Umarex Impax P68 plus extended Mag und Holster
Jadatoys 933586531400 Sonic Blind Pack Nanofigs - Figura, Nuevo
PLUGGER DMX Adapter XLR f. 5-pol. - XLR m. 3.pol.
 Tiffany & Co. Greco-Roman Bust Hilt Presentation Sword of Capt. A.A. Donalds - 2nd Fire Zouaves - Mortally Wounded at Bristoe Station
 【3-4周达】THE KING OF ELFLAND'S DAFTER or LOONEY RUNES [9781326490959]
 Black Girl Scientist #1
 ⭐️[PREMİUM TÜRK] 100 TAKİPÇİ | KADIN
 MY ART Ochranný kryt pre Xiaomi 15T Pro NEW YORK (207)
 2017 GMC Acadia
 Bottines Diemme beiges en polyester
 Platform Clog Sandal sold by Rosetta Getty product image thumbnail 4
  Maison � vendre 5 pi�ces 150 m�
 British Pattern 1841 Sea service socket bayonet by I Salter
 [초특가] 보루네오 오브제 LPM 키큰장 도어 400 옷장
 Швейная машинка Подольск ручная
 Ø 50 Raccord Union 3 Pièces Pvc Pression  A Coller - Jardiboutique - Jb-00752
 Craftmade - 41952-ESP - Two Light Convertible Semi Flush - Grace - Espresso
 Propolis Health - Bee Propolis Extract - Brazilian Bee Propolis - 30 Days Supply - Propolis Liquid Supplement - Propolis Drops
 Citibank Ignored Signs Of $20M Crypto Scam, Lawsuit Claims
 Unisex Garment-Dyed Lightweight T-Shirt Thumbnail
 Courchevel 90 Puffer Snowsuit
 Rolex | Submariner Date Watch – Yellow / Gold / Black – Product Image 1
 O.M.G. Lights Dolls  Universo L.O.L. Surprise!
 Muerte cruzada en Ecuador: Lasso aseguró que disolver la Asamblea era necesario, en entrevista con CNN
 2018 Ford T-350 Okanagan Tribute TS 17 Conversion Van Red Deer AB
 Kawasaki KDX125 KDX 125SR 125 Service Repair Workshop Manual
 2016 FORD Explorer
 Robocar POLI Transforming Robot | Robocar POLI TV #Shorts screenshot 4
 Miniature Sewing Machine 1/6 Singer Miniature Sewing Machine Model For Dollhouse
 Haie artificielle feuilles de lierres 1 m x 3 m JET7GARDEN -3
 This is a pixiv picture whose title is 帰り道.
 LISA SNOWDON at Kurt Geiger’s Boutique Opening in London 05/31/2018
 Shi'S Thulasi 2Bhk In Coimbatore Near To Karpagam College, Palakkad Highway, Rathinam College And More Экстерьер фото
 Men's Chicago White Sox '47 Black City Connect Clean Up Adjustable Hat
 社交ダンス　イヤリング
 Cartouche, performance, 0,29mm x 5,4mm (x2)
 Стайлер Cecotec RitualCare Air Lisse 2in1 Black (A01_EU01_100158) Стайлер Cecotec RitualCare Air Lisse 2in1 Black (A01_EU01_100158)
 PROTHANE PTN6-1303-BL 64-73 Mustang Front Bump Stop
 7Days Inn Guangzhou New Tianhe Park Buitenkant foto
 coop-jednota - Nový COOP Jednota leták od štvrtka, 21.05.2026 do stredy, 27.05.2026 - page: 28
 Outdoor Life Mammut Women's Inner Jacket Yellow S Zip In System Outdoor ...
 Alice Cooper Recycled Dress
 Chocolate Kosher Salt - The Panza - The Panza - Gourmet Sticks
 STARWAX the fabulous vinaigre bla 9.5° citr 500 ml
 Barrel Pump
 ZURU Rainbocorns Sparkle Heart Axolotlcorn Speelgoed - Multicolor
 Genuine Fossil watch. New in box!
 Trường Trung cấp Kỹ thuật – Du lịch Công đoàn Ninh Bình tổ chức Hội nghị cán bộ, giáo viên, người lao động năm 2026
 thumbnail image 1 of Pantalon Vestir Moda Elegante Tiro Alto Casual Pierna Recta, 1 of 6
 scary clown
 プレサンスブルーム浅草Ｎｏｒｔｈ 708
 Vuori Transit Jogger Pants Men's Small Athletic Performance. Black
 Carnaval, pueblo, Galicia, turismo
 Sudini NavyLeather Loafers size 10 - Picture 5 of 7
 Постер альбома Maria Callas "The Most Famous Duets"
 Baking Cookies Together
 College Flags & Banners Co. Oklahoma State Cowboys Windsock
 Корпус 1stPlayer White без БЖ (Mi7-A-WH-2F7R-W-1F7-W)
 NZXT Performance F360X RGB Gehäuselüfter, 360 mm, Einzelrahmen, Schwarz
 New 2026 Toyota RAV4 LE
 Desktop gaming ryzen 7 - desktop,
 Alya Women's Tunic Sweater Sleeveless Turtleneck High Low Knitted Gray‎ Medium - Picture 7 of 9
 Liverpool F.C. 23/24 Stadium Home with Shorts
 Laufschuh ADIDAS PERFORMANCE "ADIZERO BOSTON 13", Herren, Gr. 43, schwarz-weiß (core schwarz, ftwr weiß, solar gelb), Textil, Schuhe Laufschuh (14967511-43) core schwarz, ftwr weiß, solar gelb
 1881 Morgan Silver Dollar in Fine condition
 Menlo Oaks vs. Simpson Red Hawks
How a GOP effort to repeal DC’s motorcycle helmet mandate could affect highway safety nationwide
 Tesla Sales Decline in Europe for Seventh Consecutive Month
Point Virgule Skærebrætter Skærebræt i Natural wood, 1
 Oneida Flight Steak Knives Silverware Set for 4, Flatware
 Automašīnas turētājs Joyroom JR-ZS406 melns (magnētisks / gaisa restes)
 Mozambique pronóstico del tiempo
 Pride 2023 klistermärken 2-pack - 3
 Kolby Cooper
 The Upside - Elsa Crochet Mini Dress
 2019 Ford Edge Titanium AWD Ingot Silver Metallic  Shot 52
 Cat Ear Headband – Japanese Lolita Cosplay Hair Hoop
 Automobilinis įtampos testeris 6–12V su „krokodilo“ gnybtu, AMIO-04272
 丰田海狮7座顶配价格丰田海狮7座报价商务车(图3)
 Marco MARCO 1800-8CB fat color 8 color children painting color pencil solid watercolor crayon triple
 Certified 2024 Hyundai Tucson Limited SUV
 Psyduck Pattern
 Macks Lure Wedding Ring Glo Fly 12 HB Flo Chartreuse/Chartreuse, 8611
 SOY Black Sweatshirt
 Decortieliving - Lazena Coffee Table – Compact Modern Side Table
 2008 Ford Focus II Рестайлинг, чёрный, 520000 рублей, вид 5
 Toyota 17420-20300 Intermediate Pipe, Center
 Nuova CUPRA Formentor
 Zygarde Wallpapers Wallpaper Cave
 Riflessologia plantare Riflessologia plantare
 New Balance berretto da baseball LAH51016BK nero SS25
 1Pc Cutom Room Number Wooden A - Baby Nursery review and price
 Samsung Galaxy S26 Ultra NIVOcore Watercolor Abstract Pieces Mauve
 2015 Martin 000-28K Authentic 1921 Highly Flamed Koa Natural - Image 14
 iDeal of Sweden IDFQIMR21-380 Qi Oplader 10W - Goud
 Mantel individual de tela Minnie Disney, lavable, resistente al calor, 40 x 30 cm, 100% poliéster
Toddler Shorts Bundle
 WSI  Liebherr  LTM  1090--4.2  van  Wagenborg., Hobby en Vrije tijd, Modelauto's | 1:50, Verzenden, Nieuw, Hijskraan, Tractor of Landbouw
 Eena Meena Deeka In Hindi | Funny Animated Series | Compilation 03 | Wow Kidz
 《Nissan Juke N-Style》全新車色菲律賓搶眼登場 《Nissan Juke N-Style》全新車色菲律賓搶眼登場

--- Problem to work on ---
Precisely the lines between those holding "ZURU Rainbocorns Sparkle" and "Постер альбома Maria", inclusive, are to be reproduced from the listing above, with nothing added.

--- Task answer ---
 ZURU Rainbocorns Sparkle Heart Axolotlcorn Speelgoed - Multicolor
 Genuine Fossil watch. New in box!
 Trường Trung cấp Kỹ thuật – Du lịch Công đoàn Ninh Bình tổ chức Hội nghị cán bộ, giáo viên, người lao động năm 2026
 thumbnail image 1 of Pantalon Vestir Moda Elegante Tiro Alto Casual Pierna Recta, 1 of 6
 scary clown
 プレサンスブルーム浅草Ｎｏｒｔｈ 708
 Vuori Transit Jogger Pants Men's Small Athletic Performance. Black
 Carnaval, pueblo, Galicia, turismo
 Sudini NavyLeather Loafers size 10 - Picture 5 of 7
 Постер альбома Maria Callas "The Most Famous Duets"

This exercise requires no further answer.